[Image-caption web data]
☆ ☆ ☆ ☆ ☆

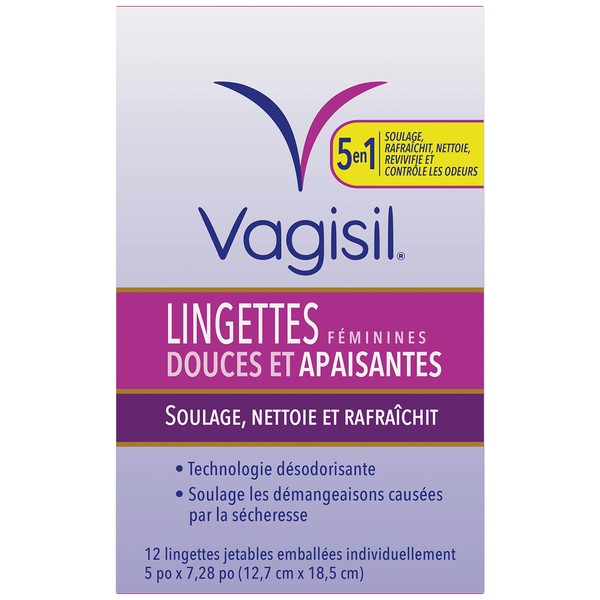 Vagisil Wipes, Anti-Itch Feminine Vaginal Wipes, Gentle and Calming for Itch Relief with Odour-Control, Individually Wrapped, 12-Count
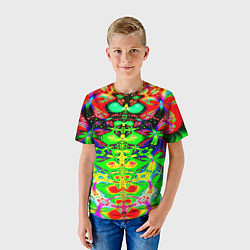 Футболка детская Оптический фрактал кислота, цвет: 3D-принт — фото 2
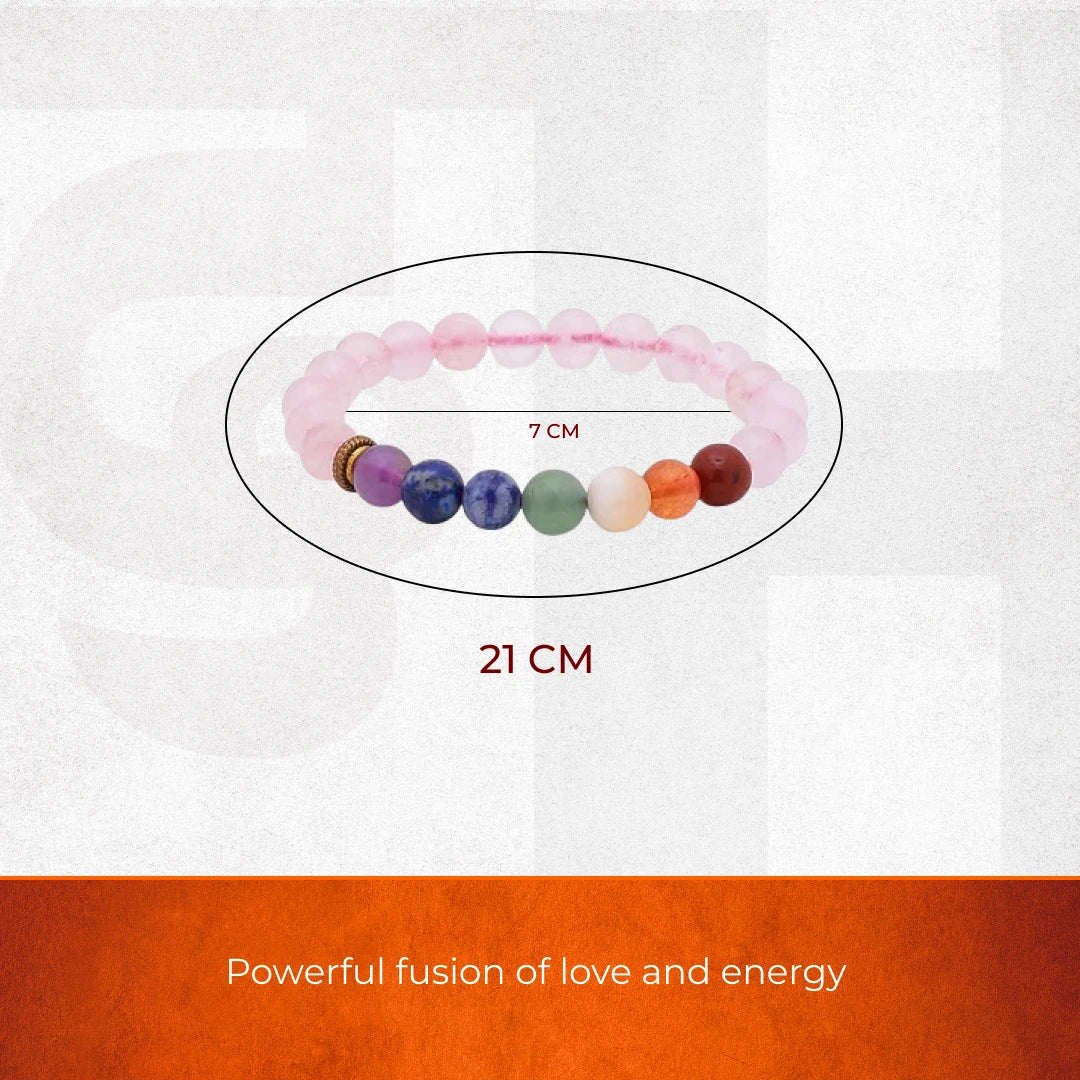 Rose Quartz 7 Chakra Bracelet - view 2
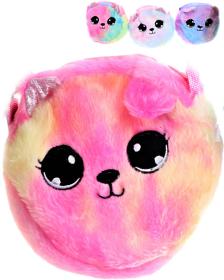 Kabelka přes rameno kočička 18x18cm kulatá taštička 4 barvy PLYŠ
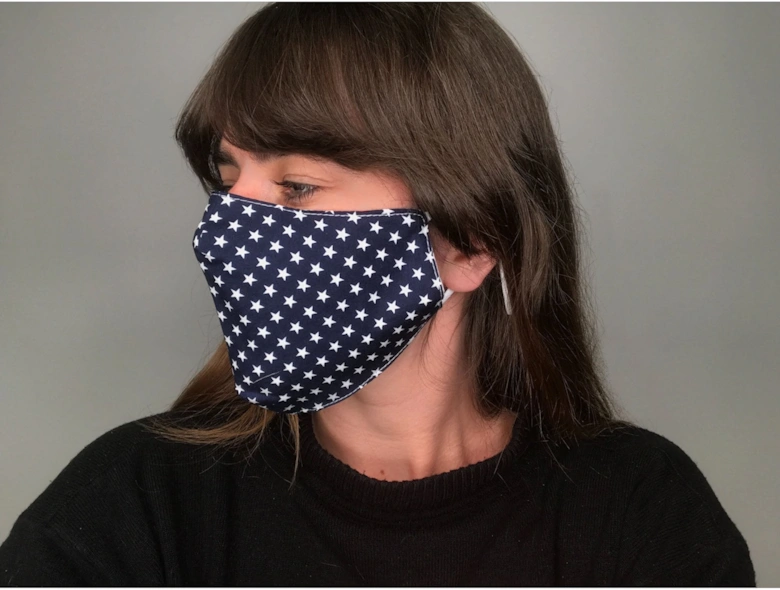 Blue Reusable Cotton Fashion Face Mask with Filter Pocket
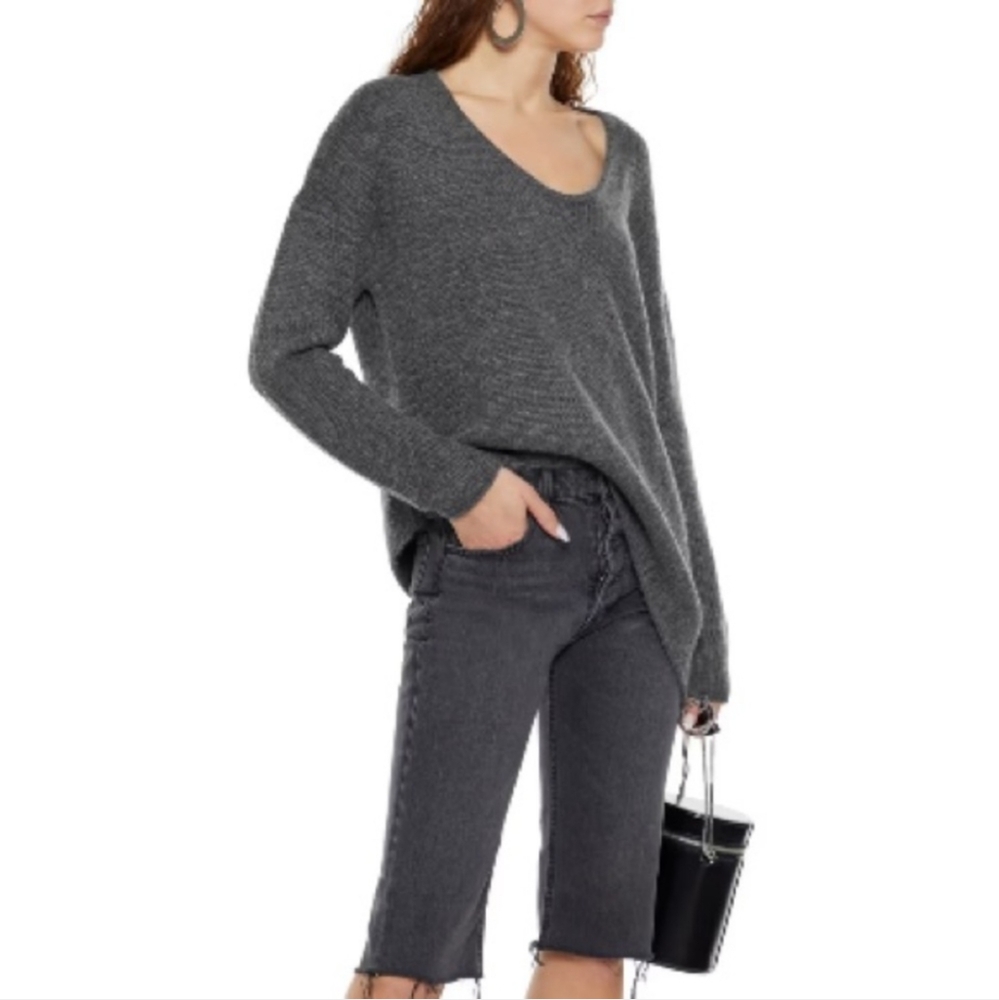 Helmut Lang Taupe Marled Asymmetrical Alpaca Camel Hair Sweater Size Large - Picture 6 of 7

☆ ☆ ☆ ☆ ☆

» Task description
Only the text of the records above is to be reproduced, exactly as given; the pictures are dropped.

» Output
 Vagisil Wipes, Anti-Itch Feminine Vaginal Wipes, Gentle and Calming for Itch Relief with Odour-Control, Individually Wrapped, 12-Count
 Футболка детская Оптический фрактал кислота, цвет: 3D-принт — фото 2
 Rose Quartz 7 Chakra Bracelet - view 2
 Kabelka přes rameno kočička 18x18cm kulatá taštička 4 barvy PLYŠ
 Blue Reusable Cotton Fashion Face Mask with Filter Pocket
 Helmut Lang Taupe Marled Asymmetrical Alpaca Camel Hair Sweater Size Large - Picture 6 of 7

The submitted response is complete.